Aber dieser Punkt ist nicht von heute auf morgen entstanden. Vielmehr muß er in einer Linie mit einer politischen Berichterstattung gesehen werden, die sich in den letzten Jahren allzu offensichtlich und wiederholt, ja notorisch falsch positioniert hat. Falsch, weil die historischen Entwicklungen die vertretene Interpretation von Ereignissen - man denke nur an den von den hiesigen Medien ausnahmslos (!) zum "Wendeereignis zum Besseren" hochgejubelten "Arabischen Frühling" - von den Realitäten seiner Kleider beraubt wurde. Die Medien haben sich damit auch jedes Vertrauens in ihre Deutungskompetenz beraubt.
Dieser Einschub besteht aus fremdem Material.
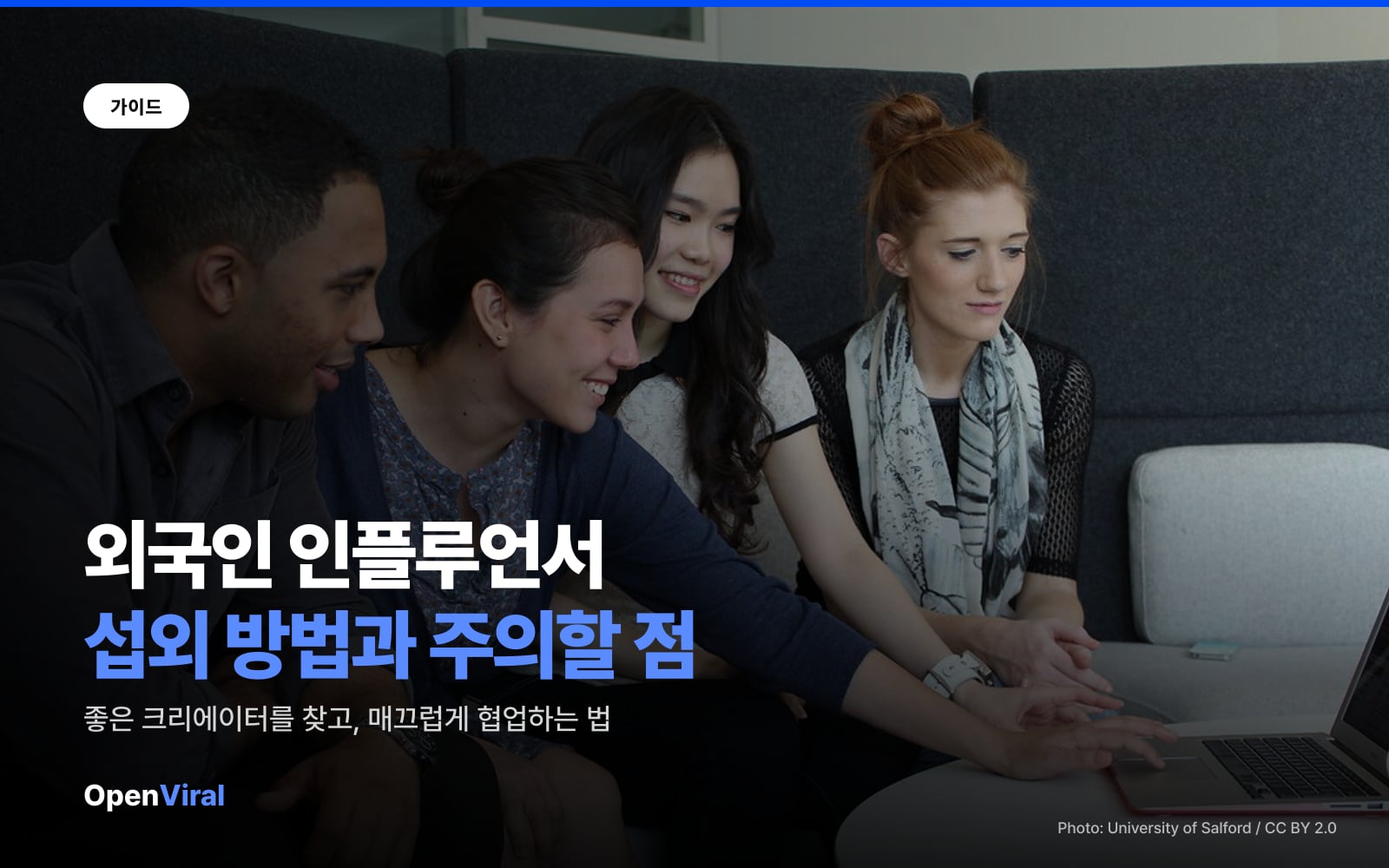 외국인 인플루언서 섭외 방법과 협업 시 주의할 점 이미지 1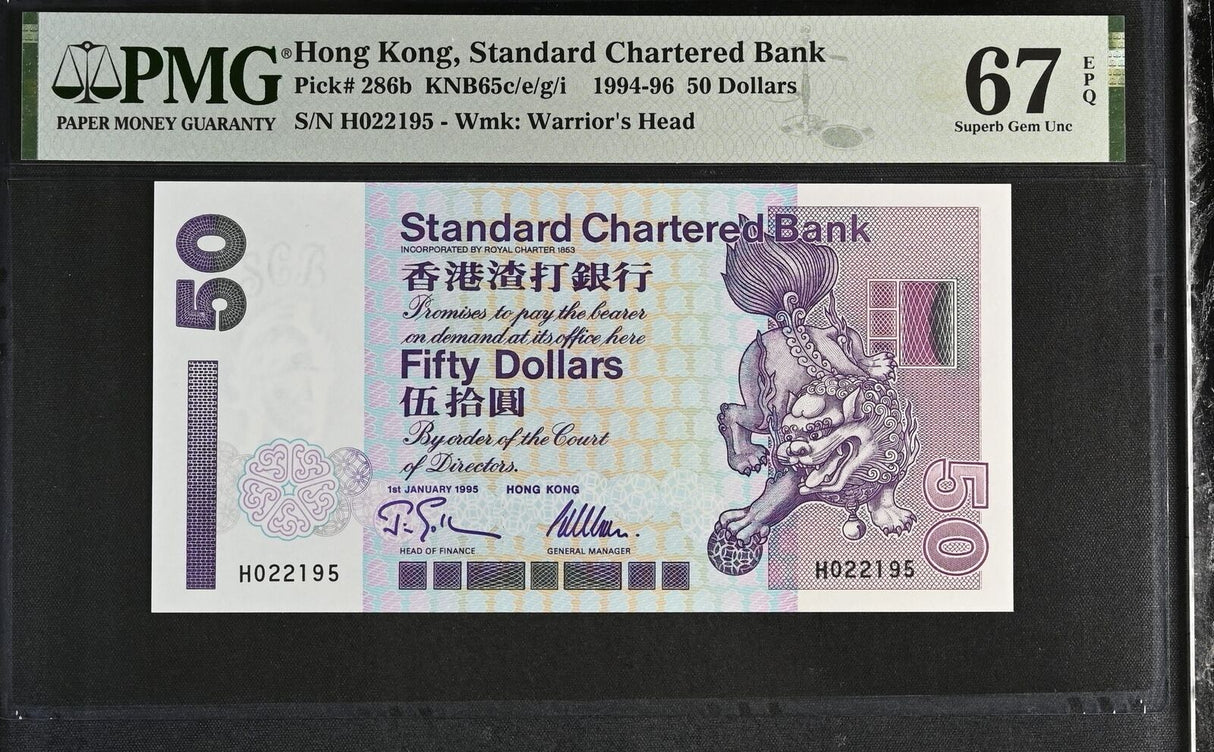 Hong Kong 50 Dollars 1995 P 286 b SCB Superb Gem UNC PMG 67 EPQ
Wer soll einer Zeitung noch vertrauen, die noch vor zwei Jahren Syriens Asad zum brutalen Unterdücker gestempelt hat, um heute zerknirscht vor den Trümmern des Staates Syrien, ja einer ganzen Region zu stehen, aus denen sich ganz neue und viel schlimmere Bedrohungsszenarien erheben, von Gruppen, die noch vor zwei Jahren "die Guten, die Unterdrückten" waren, die es angeblich zu unterstützen galt? Denn es gibt zahlreiche Beispiele dafür, daß diese Entwicklungen absolut vorhersehbar waren. Dabei ist die nächste Katastrophe des Vertrauensverlusts noch gar nicht richtig manifest geworden, die den Medien bevorsteht - in der "Klimakatastrophe", die nicht eintritt. Da steht ein wahrer Medien-Supergau an, den manche bereits jetzt abzutragen beginnen, aber auch hier bereits: zu spät, die Lawine ist bereits in Bewegung.
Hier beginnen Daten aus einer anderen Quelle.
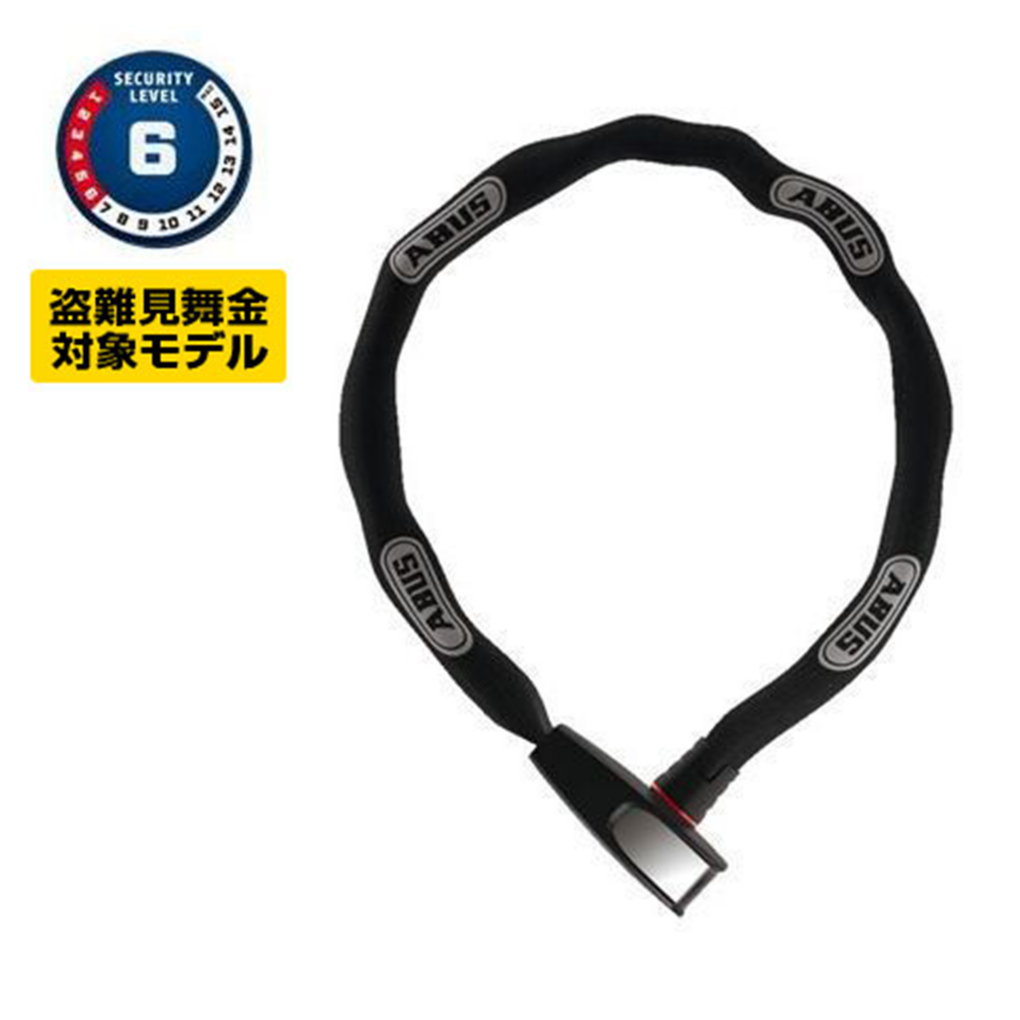 ABUS 6806K6mmチェーン - ABUS アブス公式サイト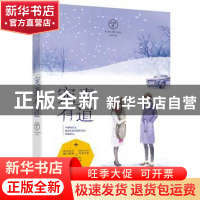 正版 宠妻有道 五枂[著] 江苏凤凰文艺出版社 9787539999951 书籍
Wo wären eben jene Orientierungshilfen in den Mainstream-Medien, zu denen sich die Branche wie in Akkordierung kollektiv gemacht hat**, die über allem momentanen Gewitter die langfristigeren Linien und Bezugspunkte noch kennt und sieht? Wozu aber braucht man dann noch Medien, außer für ein paar Brocken Information, die man selber herausschälen muß, die aber Medien völlig austauschbar machen? Das Konzept, auf einzelne Kommentatoren zu setzen, funktioniert nie für ein ganzes Medien, und insgesamt wirklich nur in Einzelfällen (wie bei Peter Scholl-Latour), die sich aber längst anderwärtig autorisiert haben. Man identifiziert Journalist mit Medium, mit Recht.
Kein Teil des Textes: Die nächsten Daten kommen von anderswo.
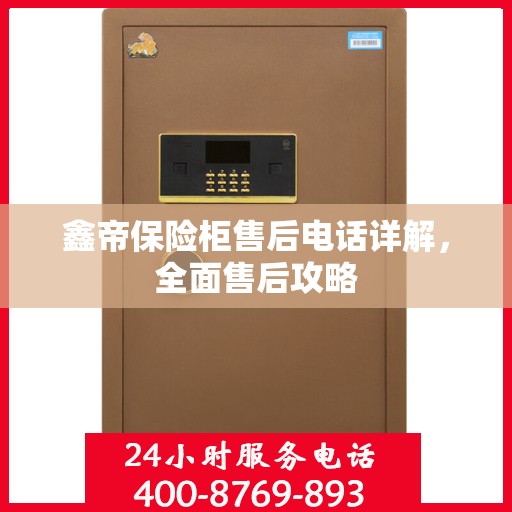 鑫帝保险柜售后电话详解，全面售后攻略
Die Journaille hat freilich bis heute noch keinen Weg gefunden, mit solchem massivem Versagen umzugehen. Erst in Zusammenhang mit der Ukraine-Berichterstattung kommt es da und dort zu zaghaften Versuchen, den Stier bei den Hörnern zu packen. So wie in diesem (dabei immer noch zaghaften) Artikel in der FAZ.

In einem Punkt muß man Niggemeier zustimmen: das ist keine positive Entwicklung. Die Meinungsbildung - als Prozeß, nicht als Ergebnis medialer Erziehungsabsichten - ist noch problematischer geworden. Denn die öffentliche Meinung ist kein leeres Phantom, sondern sie ist eine Vorform des geistigen Raumes eines Volkes, einem Organismus vergleichbar, in dem wie in jedem Organismus eine Ordnung des Zueinander herrscht. In einem komplexen Vertrauensspiel aus Offenbarern und Rezipienten, kommt es zur Abklärung von Wahrheit in ihrer historischen Form als Sprache. Die Sünde wider diesen Geist ist also Mißbrauch der Sprache.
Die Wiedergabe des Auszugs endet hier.